A distraction? An interruption to your dispassionate, rational, critical faculties? Out of place in your work? In your family? Best ignored? Even better supressed?

No.

A mood is a place from which you relate to the world.

Moods are disclosive: they actively show the world to you, bringing forward some aspects so that they can be seen, and having others recede into the background.

And it’s important that you pay attention to them because there is no dispassionate, uninvolved place from which to relate to the world. There is no ‘mood-free’ way to be which would show you everything all in one go, at least in everyday life.

A mood of love: the object of your love (a person, an idea, a project) fills the world you experience.

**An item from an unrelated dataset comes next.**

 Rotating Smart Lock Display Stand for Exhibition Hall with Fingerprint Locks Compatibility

You find yourself turning towards it or them again and again in your thoughts and activities. For a while, the world revolves around whatever or whoever it is that you love, and you get to see that which is inspiring, thrilling, life-giving about them.

A mood of frustration: when there’s something that matters to you that you can’t get to happen. Once again, that something figures centrally in the world for as long as you’re frustrated. Everything seems to point towards this something that matters, to contribute to your sense of being thwarted.

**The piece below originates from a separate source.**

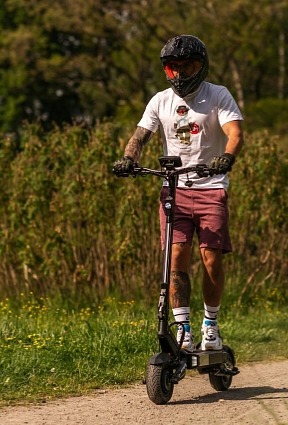 Vsett 8 Apex 48V, 15,6Ah, 2502W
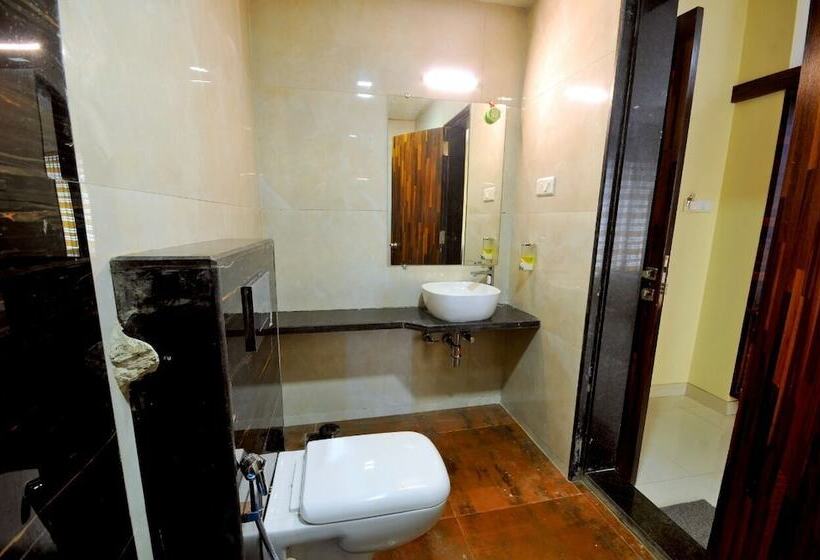 فندق White House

A mood of fear: brings forward that which is or seems threatening to us or to that which we care about, and has everything else fade away, so that we can take focussed action.

A mood of boredom: has everything fade into the background. Nothing seems important enough, stirring enough, exciting enough to move you.

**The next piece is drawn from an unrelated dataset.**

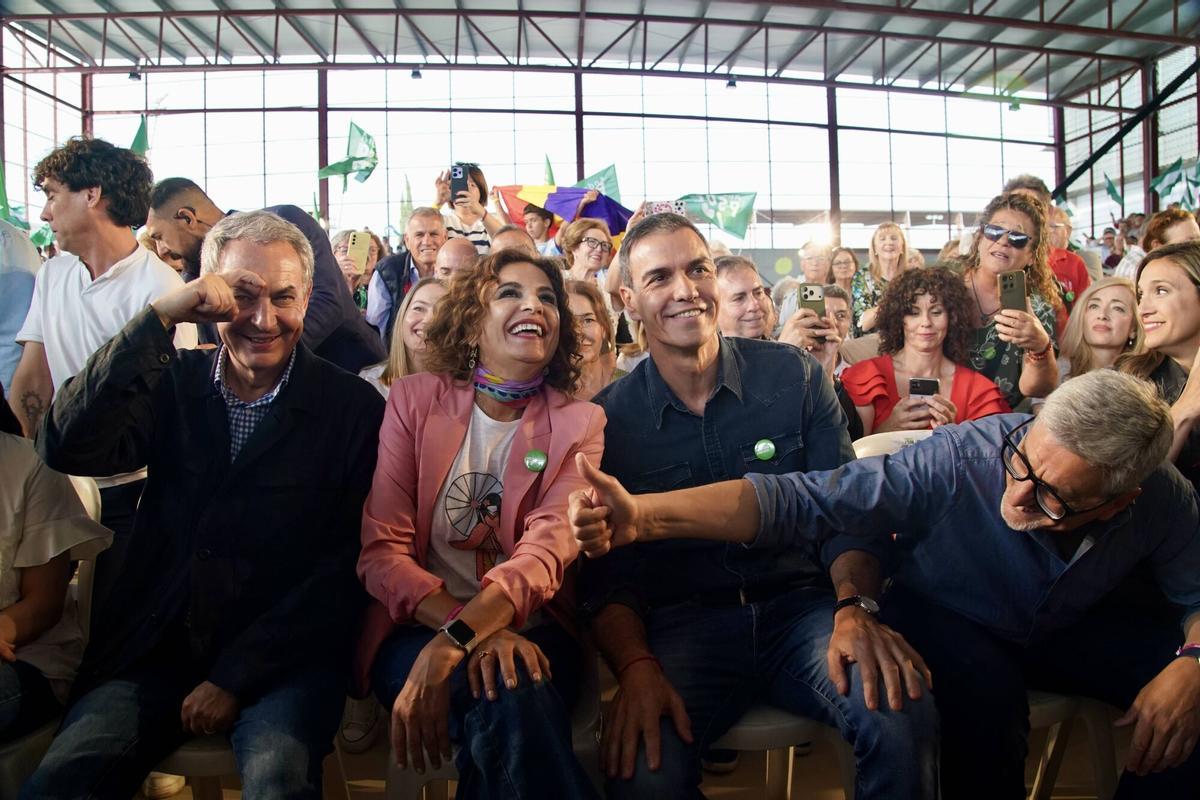 Detalle del cartel de campaña del Partido Popular en la jornada del 17M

A mood of resentment: has the person or situation you’re resentful about become central, and reveals to you the myriad ways you might take revenge, get your own back, or otherwise cause hurt.

A mood of gratitude: shines a light on the unlikeliness of your presence in the world, how little you had to do to end up surrounded by people, objects, possessions, possibilities. Illuminates the extraordinariness of the everyday.

Rather than being errors in perception, your moods are always a way of attuning to aspects of the world that you might not otherwise pay attention to. You might say each mood functions to reveal the world in particular ways, showing you that which in a different mood would be hidden. And mostly this isn’t apparent, because for the most part moods are in the background, invisible. They’re like the air you breathe, omnipresent, necessary, and transparent.

So being able to tell what mood you’re in is a huge opening. It will show you what possibilities you might be missing, or how it is that there seem no possibilities at all. It will tell you much about what you really care about, because moods always arise from your cares, values and commitments. It will show you how what seems central right now, and what incidental, is only one way to look at things.

And as you learn to cultivate different moods from the ones you’re most used to – for example gratitude where there was resentment – you’ll have revealed to you much that you never really saw before. And you may also discover that the world and other people are never simply this way or that, and perhaps even open up the possibility that they’re something else completely from how you’re used to relating to them. This is a huge and necessary step if you want to bring yourself fully to the world and to open up rich new avenues for relationship, possibility, and action.